Wednesday, February 27, 2013

Go to a Concert

Requisite Knowledge Level for Understanding (* being beginner, ***** being expert): *

Why should you go to a concert?

If you've never been a fan of classical music, or if you've got some CDs that you like to listen to and don't want to shell out the money, what reason do you have for going to a concert?  Going to a concert is a complete experience, very different from sitting at home and listening to a CD.  Part of what music offers is the ability to spark your imagination, to lead you places that you've never been before.  This is a complete and interactive experience, and you cannot fully get it from a recording (and if you could see the number of recordings that I've got, it would definitely appear that I have tried).

These days, access to recorded music is incredibly easy.  Almost ridiculously simple.  Heck, depending on how you want to access it, it can be completely free.  We have spotify, et al. for online listening and you can find songs posted on Youtube, both of those with no monetary damage whatsoever.  For $.99, you can get most songs from iTunes or Amazon.com as digital downloads, and put them on your iPod and listen to then whenever and wherever you want.  That's not to mention those weirdos who still buy the physical CDs and then load them onto their computer (cards on the table, that's me), or the older generations who still maintain that nothing will ever replace their LPs, as well as the radio, from XM satellite to the regular stations of 97.5 or whatever it is in your area that you listen to.  Point being, access to music is easy.

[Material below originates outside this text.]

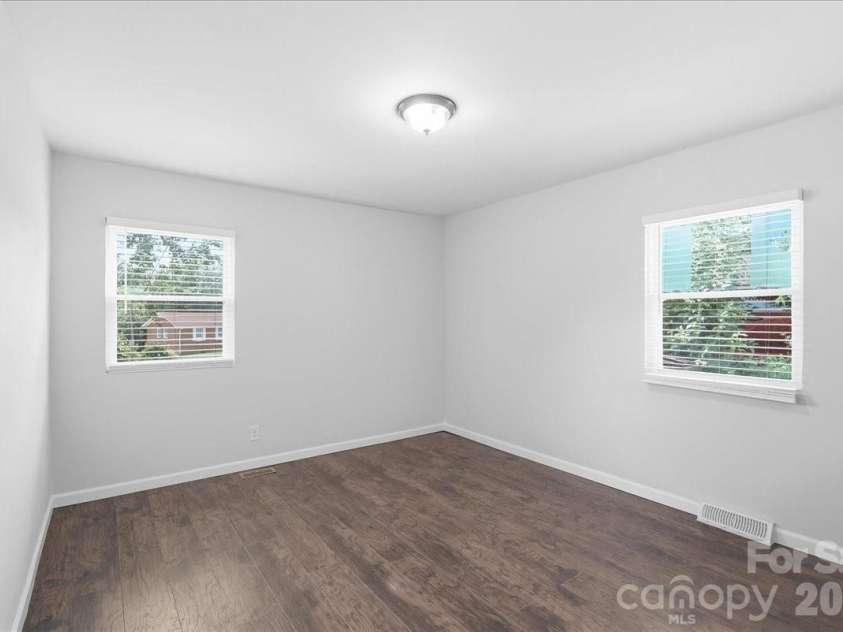4324 Hidden Valley Road, Charlotte, NC 28213.  MLS# CAR4402536, YatesRealty ID 37395.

Now, that all being the case, here is the problem:  Music was never intended to be a background tool.  I'm betting that most of you use your iPod to listen to music while you're working out at the gym, or while you're in the car on the way to work.  Maybe you put it on while you're cooking dinner or doing the laundry (though I usually use the TV for laundry).  The point is that while you're listening to the music, you're more focused on something else.  Driving safely, not running into someone else on the track, not burning the chicken, whatever.

Music was meant for much more.  It was performed in front of a crowd so that they might dance.  It was an interactive part of a religious service.  It was a collection of songs brought together with action to tell a full story about two people in love.  We lose some of this emotion and the full breadth of the music when we do not experience it as it is meant to be experienced.  I'm not saying don't listen to your iPod while you're working out.  Please do.  I do, and I don't plan to stop.  But know that you're missing part of the music, even while that steady beat is keeping your feet from running too slowly.

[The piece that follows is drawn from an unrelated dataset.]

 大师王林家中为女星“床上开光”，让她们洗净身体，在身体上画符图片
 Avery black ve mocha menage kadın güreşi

Now, this all could apply to more than classical music, and it does.  If you've never been to any concert, go see a concert of a pop musician if that's what you like.  That too is a good thing.  Focusing on the classical, though (see this blog's title), I think that this is a thought that doesn't occur to people as often.  You hear when your favourite bands or singers are in town, and you might go to a few of them.  But for most places in this country, there is a very talented orchestra within an hour's driving distance (something you'd easily do for one of your favourites), and yet the thought never even occurs.

It's not that expensive.  In fact, when you go to that concert of your favourite group, you're generally paying upwards of $50 for a seat at the very top tier of the local basketball stadium, and you're probably bringing a date, meaning you're paying twice that.  Most professional orchestras have seats available at a fairly cheap rate.  I live just north of Indianapolis, and the Indianapolis Symphony Orchestra (ISO) has seats available for every concert starting at $20  (the New York Philharmonic has seats starting at $41, sure that's more, but it's New York, $41 there is like $15 out in the country).  Are they the best seats in the hall?  No.  But the halls where orchestras perform generally seat 1,250 - 2,500 people.  The basketball arena probably seats like 18,000 - 20,000.  That means you are sitting in a hall One-Tenth the size.  The worst seat there is as close as a box seat in the basketball stadium.

You will get a quality performance.  If you're going to a professional orchestra performance, you WILL get a quality performance.  Sure, if you're in St. Louis, your orchestra is not probably talked about as being the single best orchestra in the world; most orchestras aren't.  But these are musicians who have spent their lifetime perfecting their craft.  They've spent just as much time practicing, if not more, than any other rock or pop group you've gone to see.  They are quite excellent, and you can tell simply by listening that they are not fighting to make sure they get the right notes out, but instead are trying to shape the notes that they've been given into the most accurate representation of the music that they want to communicate as they possibly can.  Most people wouldn't consider the ISO the best orchestra in the world, but I have left every performance thinking that I had heard good music.

Sitting in the seats at a concert, actually seeing and hearing musicians live and on stage producing the music is a far greater experience than hearing it over your headphones while you're cooking dinner.  You can feel the excitement in the people around you, and you can concentrate 100% on the music in a way that you would never do while it's just background noise.  Watching the violin player attack those really loud notes, seeing the trumpet player take a big breath before playing a passage, or seeing the arc of the mallet before it makes contact with the drum; these are things not to be found on an iPod.